Given this, we can define the functions product of a list and
maximum value of a list in terms of foldr1 (and foldl1).

  product = foldr1 (*) = foldl1 (*)
  maxlist = foldr1 max = foldl1 max

======================================================================

Accumulating intermediate values : scanl and scanr
--------------------------------------------------

As we have seen, the function foldl folds a function f through a
list and produces a single final value.  Pictorially, we had

    y   x_1   x_2   . . .  x_n
     \  /      |            |
      op       |            |
       |       |            |
      y_1     /             |
         \   /              |
          op                |
           |                |
          y_2               |
             \              |
               ...          |
                    \       |
                y_(n-1)    /
                      \   /
                       op
                        |
                       y_n


The computation of y_n involves generating the intermediate
values y, y_1, ..., y_(n-1).  These correspond to "partial"
answers of foldl for prefixes of the list.  Sometimes, these
partial answers are also interesting and they can be returned
with extra effort.  The Haskell function scanl achieves this.  In
other words,

  scanl f m l = [y,y_1,...,y_n]

where [y,y_1,...,y_n] is the list of intermediate values
generated when computing

  foldl f m l

Thus, we have

  scanl (+) 0 [1..n] = [0,1,(1+2),....,(1+2+..+n)]
  scanl (*) 1 [1..n] = [1!,2!, 3!,...,n!]

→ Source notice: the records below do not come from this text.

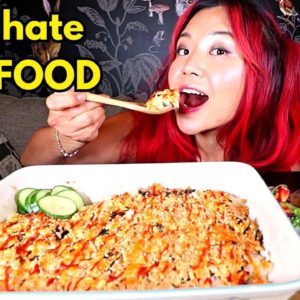 SUSHI BAKE MUKBANG (vegan) + RANT About RAW "VEGAN" DIETS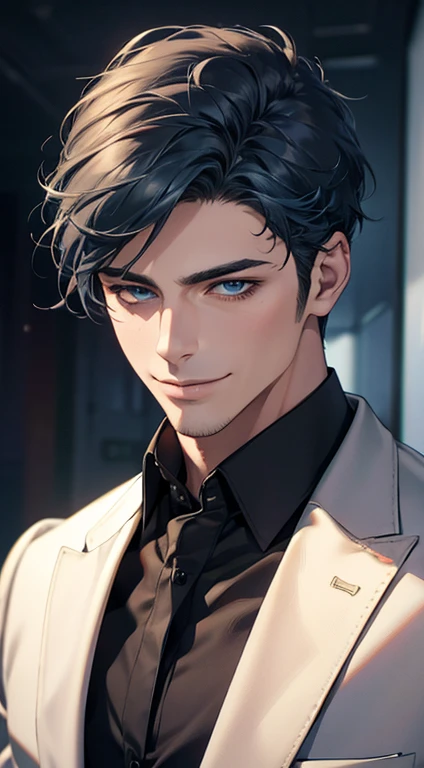 (best quality,4k,8k,highres,masterpiece:1.2),ultra-detailed,(realistic,photorealistic,photo-realistic:1.37),1 man,31 years old,mature man,very handsome,without expression,smile,short blue hair,blue eyes,penetrating gaze,perfect face without errors,imposing posture,businessman,office background,cinematic lighting,hdr image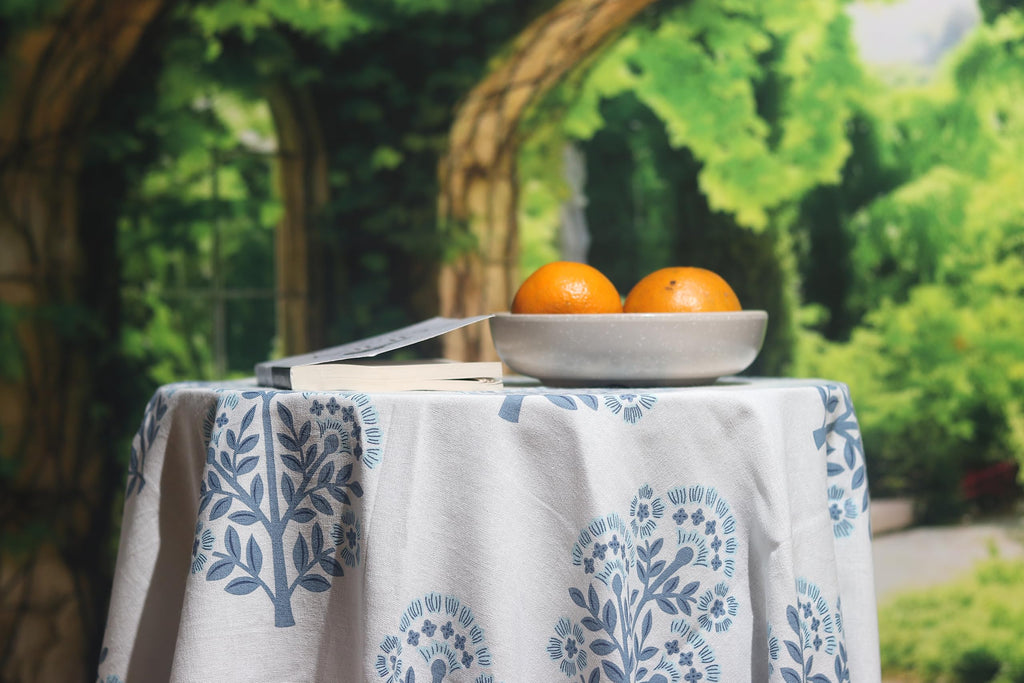 100% Organic Cotton Blue Table Cloth, Indian Block Print Table Linen for Dining, Parties, Wedding, Outdoors Home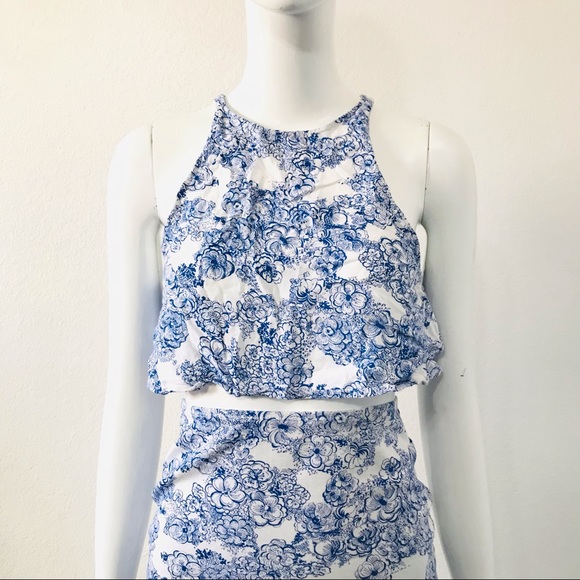 American Apparel Blue White Floral Top & Skirt Set - Picture 2 of 8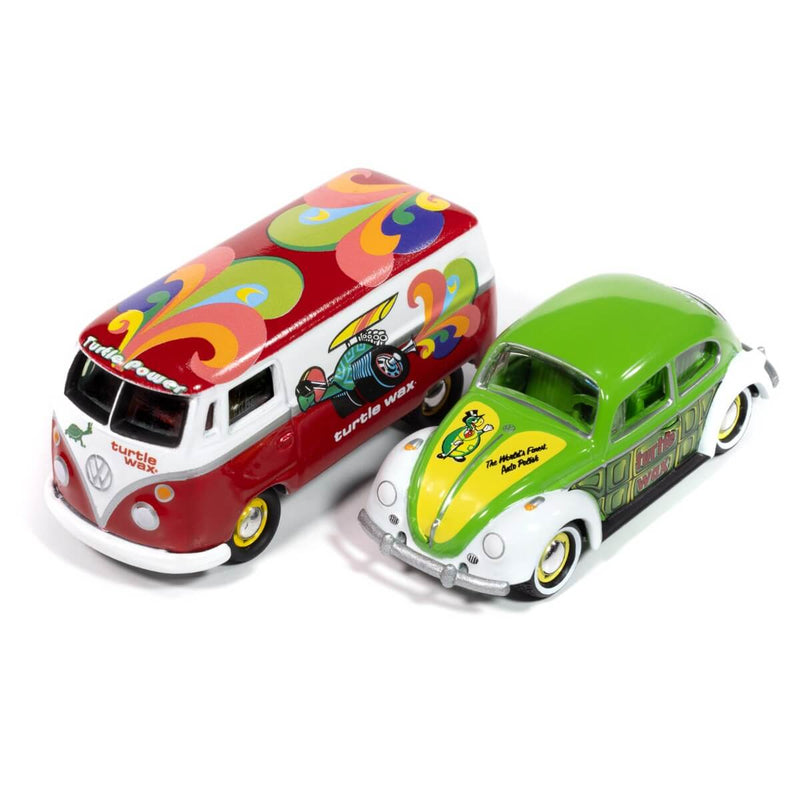 Johnny Lightning 2024 Themed 2-Packs R1A, 1964 Volkswagen Type 2 Transporter (Turtle Wax, Red &amp; White Turtle Power Graphics) &
1965 Volkswagen Beetle (Turtle Wax, Green &amp; White Turtle Shell)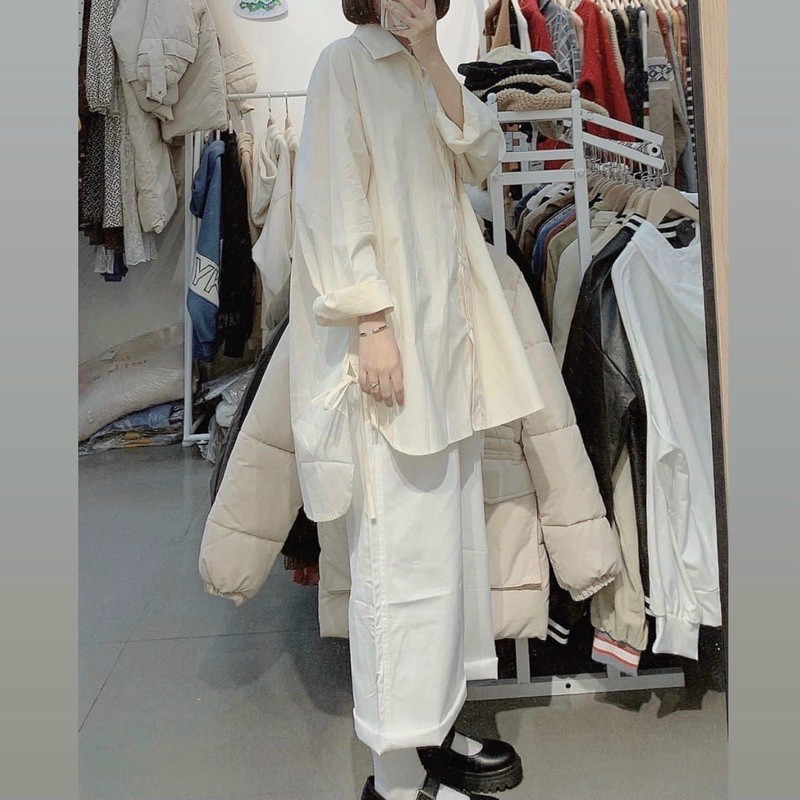 Áo Kiểu SIN SHIRT sơ mi tay dài form oversize tone màu basic hàng nhập quảng châu dày dặn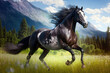 horse running on meadow on a sunny day, generative AI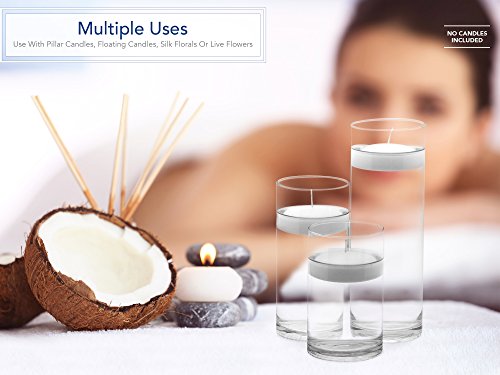 Set of 3 Glass Cylinder Centerpiece Vases with multiple uses - use with pillar candles, floating candles, artificial florals or flowers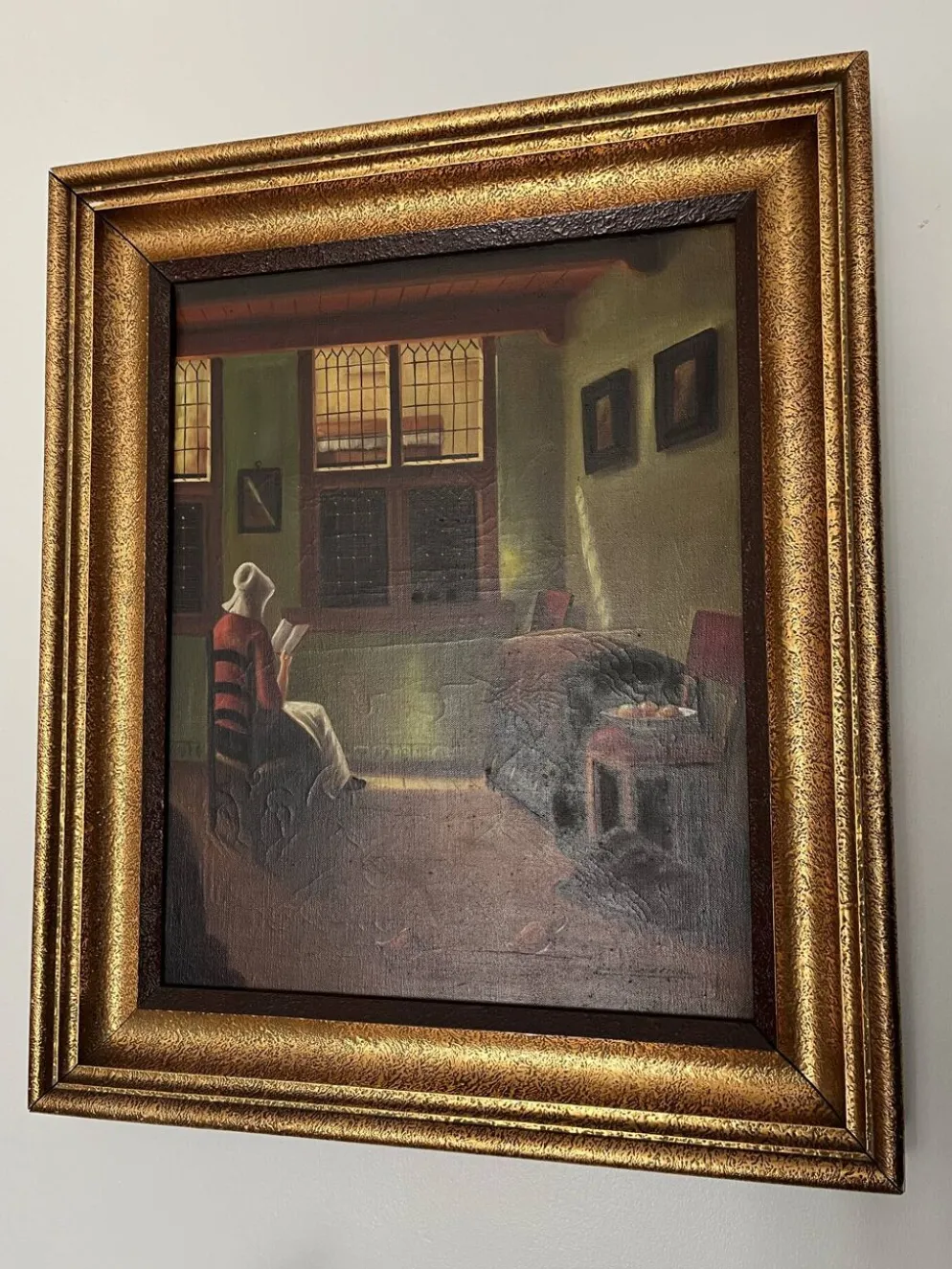 Peinture à l’huile ´femme qui lit’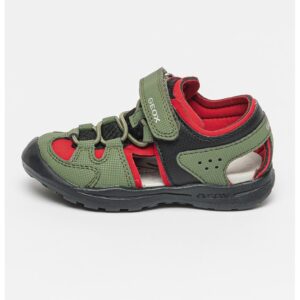 Sandale cu velcro si model colorblock Veniett - Negru/Rosu inchis/Verde feriga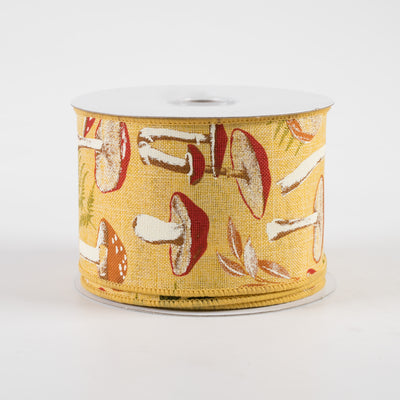 2.5" Mushroom Botanicals Ribbon: Mustard (10 Yards)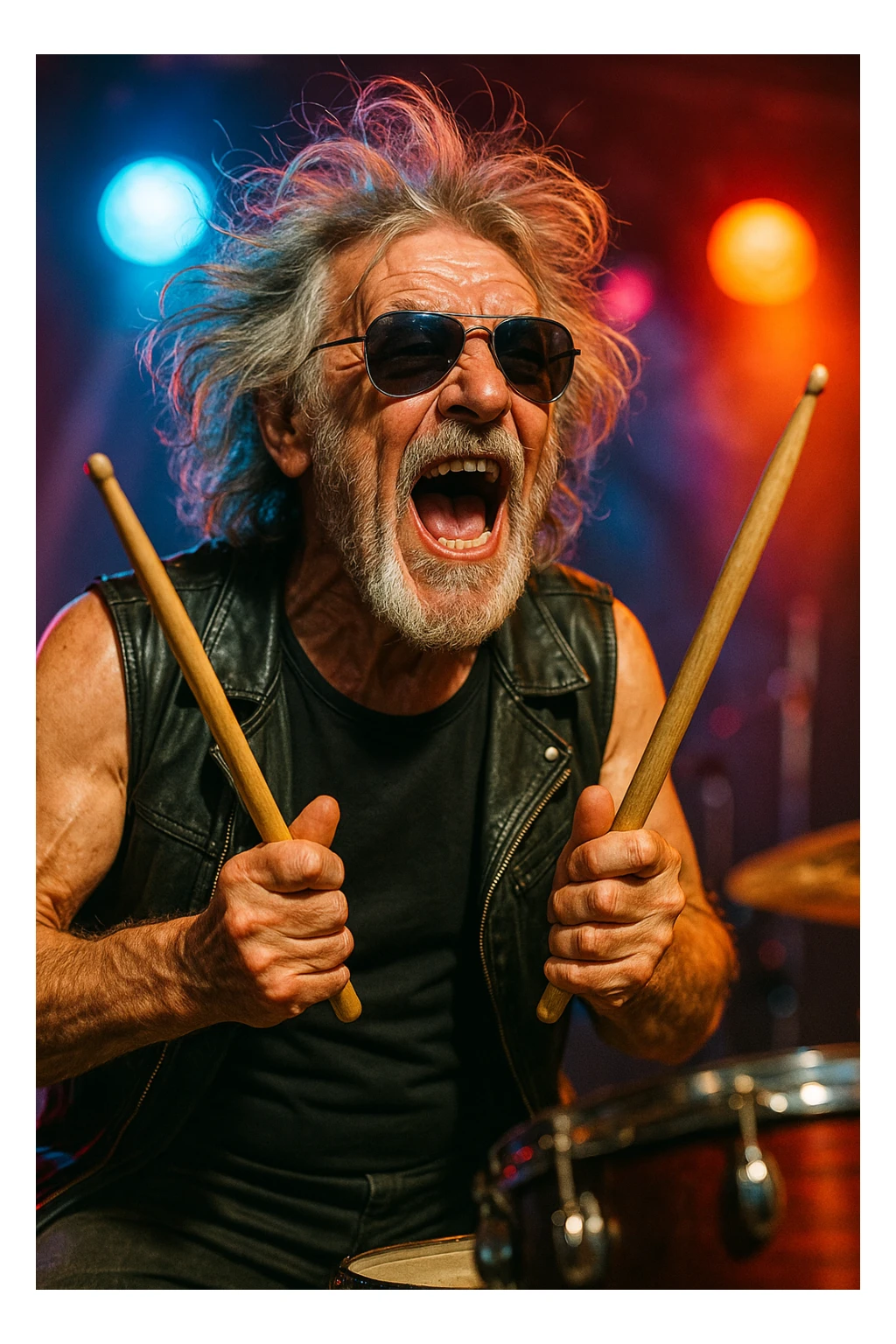 an old rocker drummer singing energetically with wild hair and sunglasses, holding drumsticks, open mouth, expressive face, stage lights, vibrant colors sticker
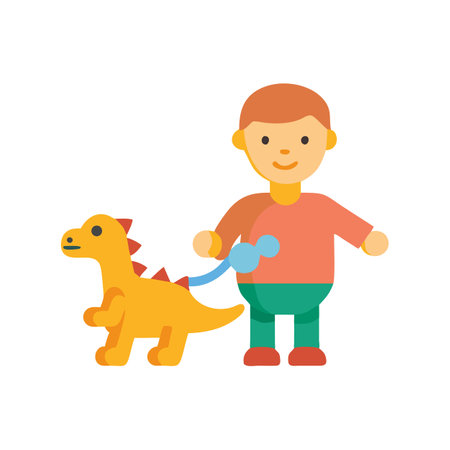Child walking a toy dinosaur illustration on a leashのイラスト素材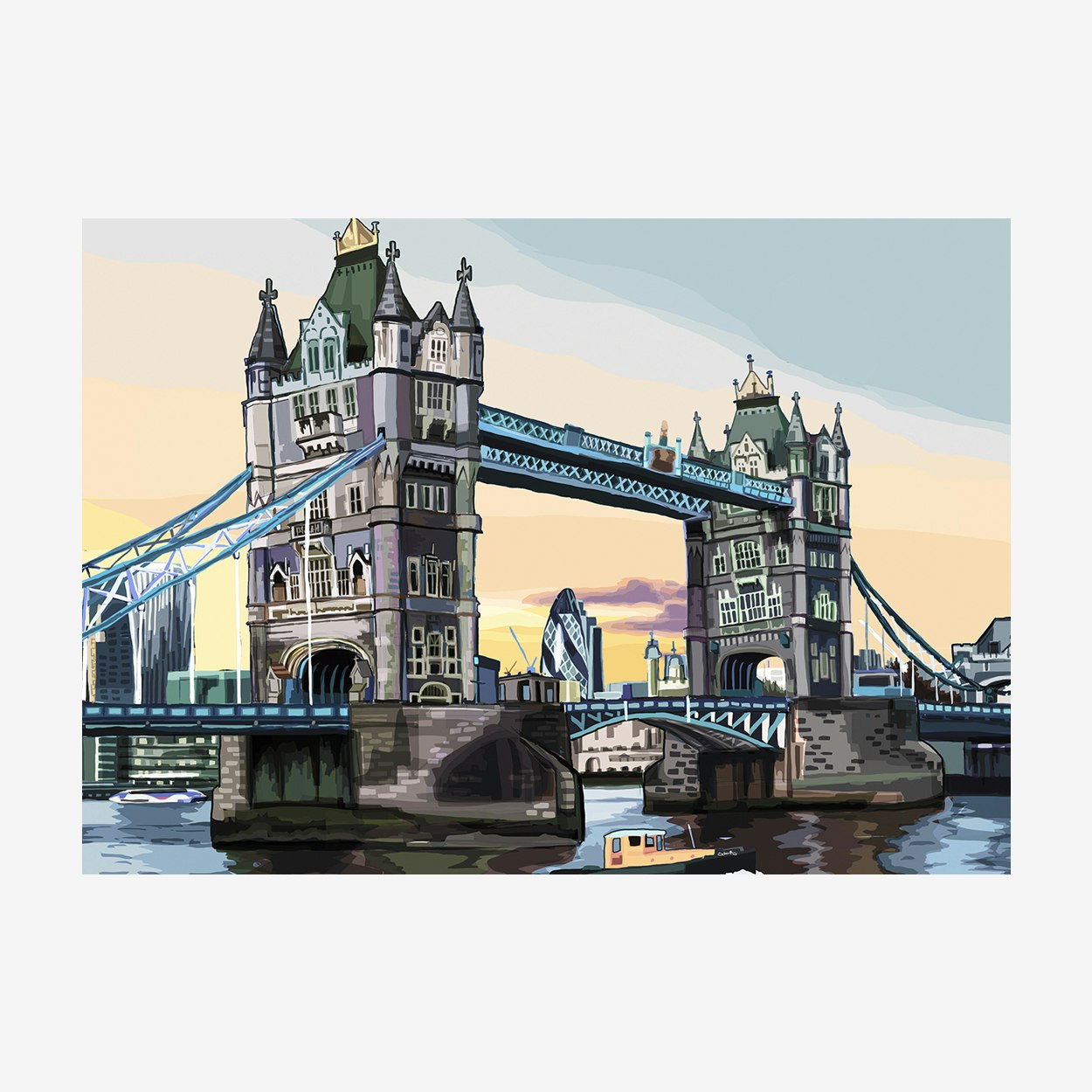 Tower Bridge at Dusk A3 Print by Tomartacus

Symmetrically, scanr returns the partial values generated when
evaluating foldr.  Recall that the picture for foldr was the
following:

     x_1   x_2   .  .  .  x_n-1  x_n  y
      |                     |     \  /
      |                     |      op
      |                     |       |
      |                     |      y_n
      |                      \    /
      |                        op
      |                        |
      |                       y_n-1
      |     .  .  .      . . .
      |
      |       y_2
       \     /
         op
          |
         y_1

Thus, 

  scanr f m l = [y_1,...,y_n,y]

where [y_1,...,y_n,y] is the list of intermediate values
generated when computing

  foldr f m l

Notice that the output of scanl is the list of foldl values for
longer and longer prefixes of l while the output of scanr is the
list of foldr values for shorter and shorter suffixes of l.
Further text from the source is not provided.